Not unexpectedly, some noise sources are
easier to control than others, or are
outside the control of the person receiving
the noise, so simply turning it down is
not always possible. In this chapter we
examine ways to control noise along the
path of its transmission where a wide
variety of means are available, often
involving the architecture of the spaces
in which we live, work and play.
If the sound is desirable,
favorable conditions are provided for
its production, transmission and reception.
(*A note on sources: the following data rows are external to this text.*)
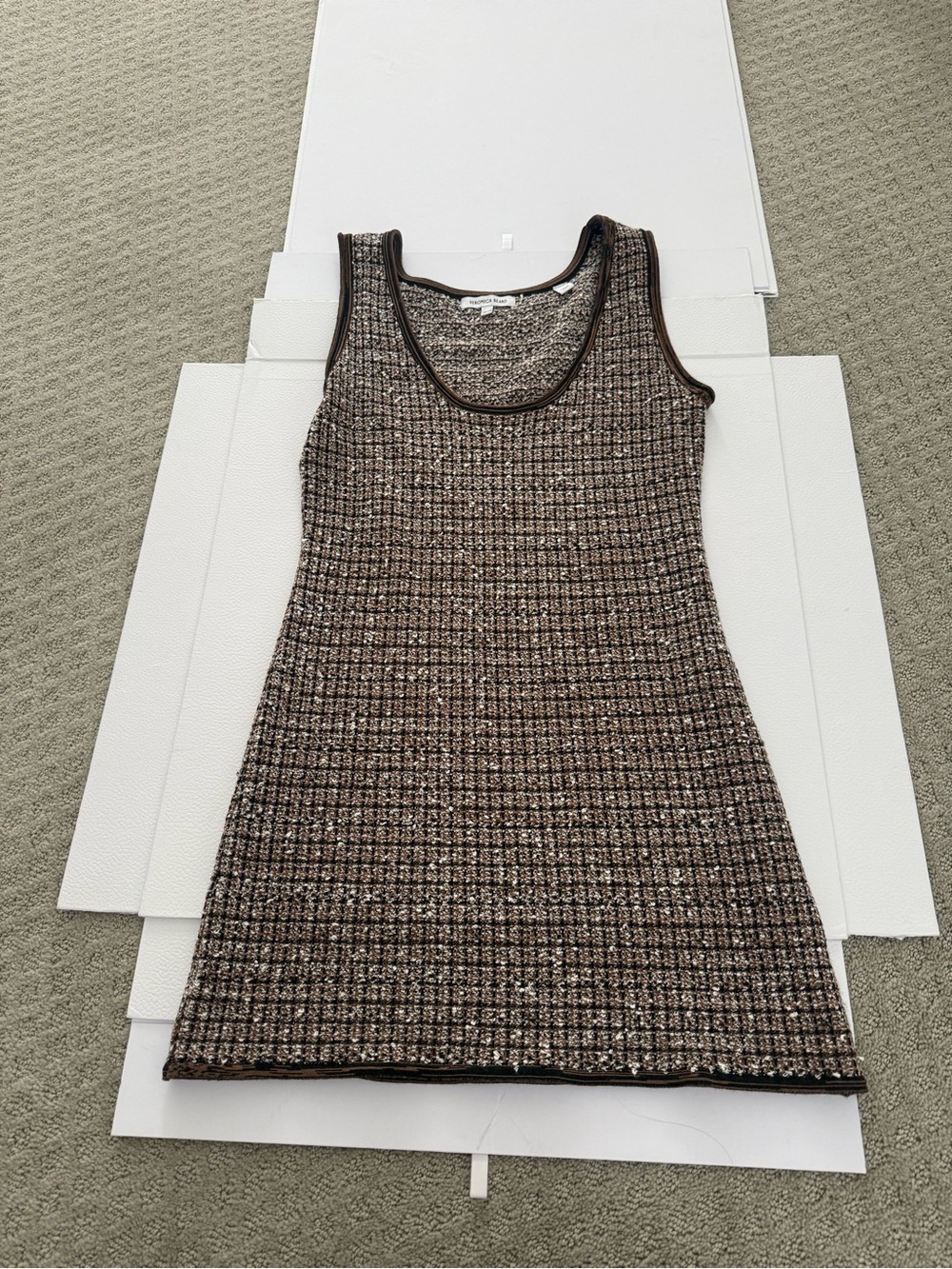 Veronica Beard Brown Tweed Sleeveless Knit Tank Dress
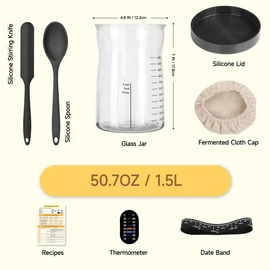 Coco Bird Pro Sourdough Starter Kit- 50oz Large Capacity Sourdough Starter Jar, 17 Flavorful Fermentation Recipes, Sourdough Bread Baking Supplies for Making Delicious Sourdough Breads(1PCS)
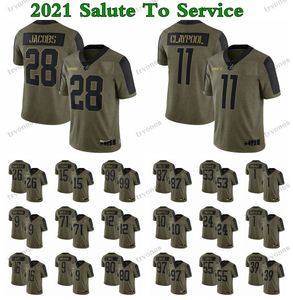 Personalizar 32 Equipo 2021 Saludo al servicio Camisetas de fútbol de oliva Bo Jackson Tomlinson Rice Moss Carson Wentz Tagovailoa Gibson Burrow Joey Bosa Trevon Diggs Stefon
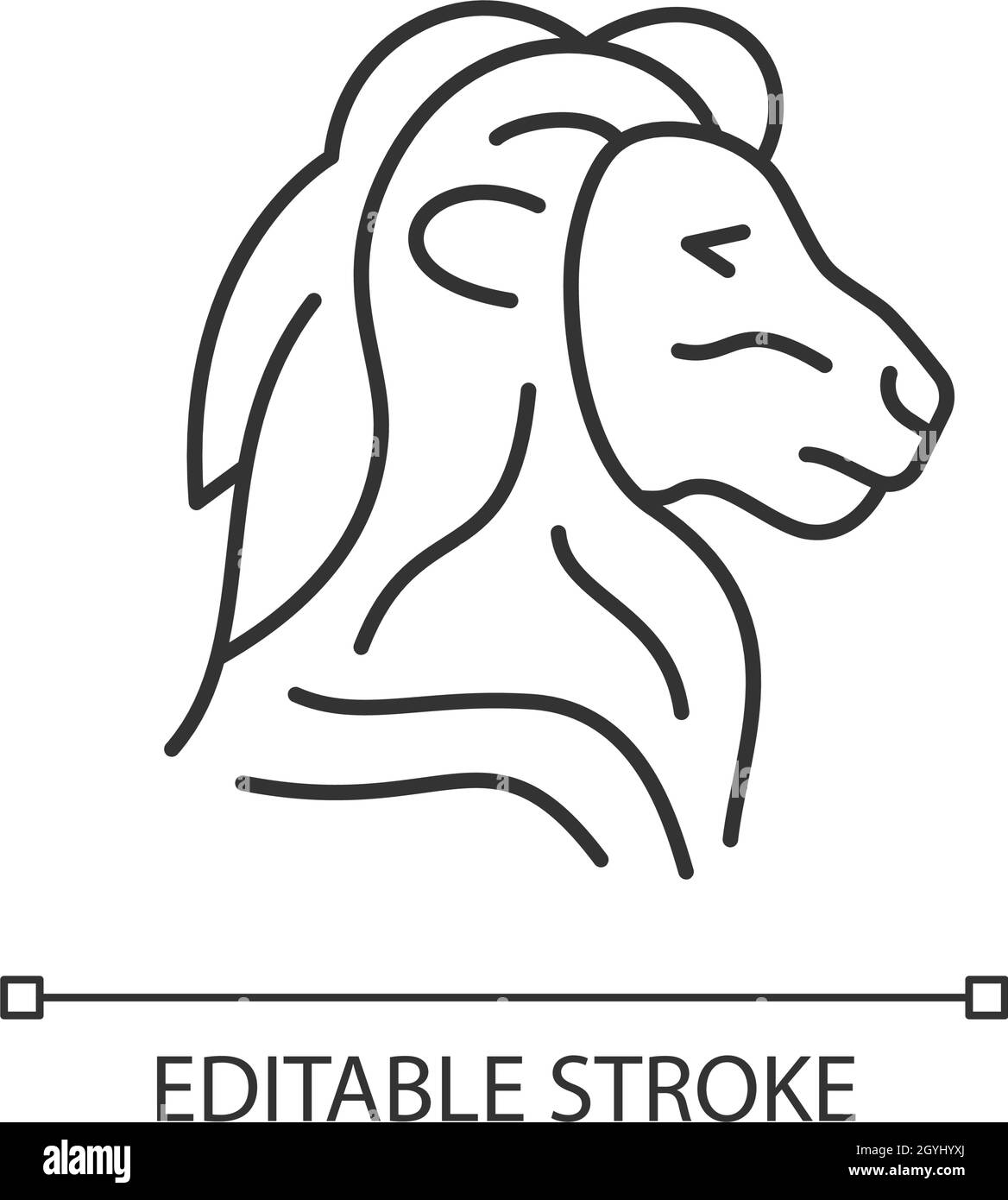 Icône linéaire du symbole de la tête du lion Illustration de Vecteur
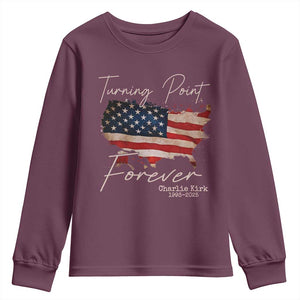 Turning Point Forever Youth Sweatshirt Patriotic American Map Vintage USA Flag TS11 Maroon Print Your Wear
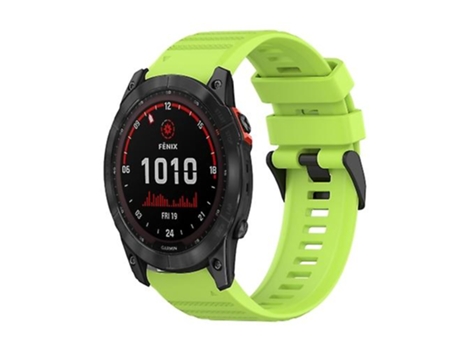 Correa para Garmin Fenix 7x26 mm Correa de reloj de silicona con textura horizontal con herramienta de extracción Verde lima VENISYMLIS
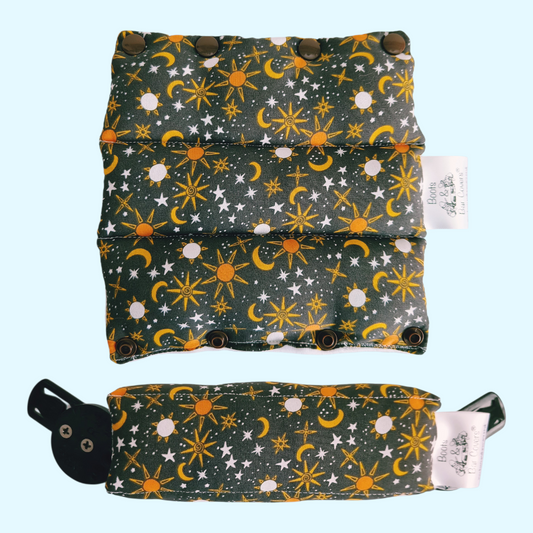 Sun moon stars on grey brown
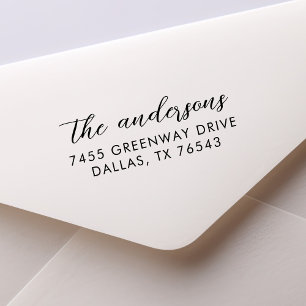Modern Minimalist Script Family Name Self-inking Stamp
In a theater or worship space the talker
is elevated on a stage or platform with
respect to the listener. The transmission
path (air) is made more effective by the
use of reflective surfaces or a sound
system, and thus, the receiver is provided
with excellent listening conditions.
If the sound is undesirable
such as noise from a neighbor’s
television set or noise from machines
in a workplace, for example, conditions
may still exist for it’s production,
transmission and reception. However, measures
can be taken to suppress the noise at
the source. The effectiveness of the transmission
path can be reduced, often by use of partitions,
barriers or enclosures that are adequately
soundproofed. Thereby, the people subjected
to the cacophony are protected or made
tolerant of the disturbance. All sound
sources other than a pulsating sphere
have a certain amount of directionality
or directivity. That is, they radiate
sound more effectively in one direction
than in another. An important example
of this is the human voice. It’s
much easier for someone to hear you if
you are facing directly toward them. This
is especially important when you’re
speaking to someone with a hearing loss.
So a solution in communication is to be
aware of directivity and manipulate the
environment to your advantage . . .
The voice is most directional
for the higher frequency consonants that
are most important for intelligibility.
It’s the least directional for the
lower frequency vowel sounds, as shown
in Figure 11-2. If one were to measure
the sound pressure level of a person speaking,
one would find that for the lower frequency
vowels, such as /a/, there would not be
much difference whether measured from
in front or behind the person. By contrast,
there would be a greater loss of power
for the higher frequency sounds such as
the consonant /s/.
When the wavelength
of sound is large in comparison to the
body of the radiating device, it tends
to radiate uniformly in all directions.
That’s why you can put your subwoofer
just about anywhere in the room, including
behind a couch. Subwoofer wavelengths
are longer than 10 feet, and they radiate
in all directions. When the wavelength
of sound is small in comparison to the
body of the radiator it tends to beam
like a flashlight or even a laser, for
the very high frequency sounds. That is
why you have to aim your bookshelf loudspeakers
toward your favorite listening location!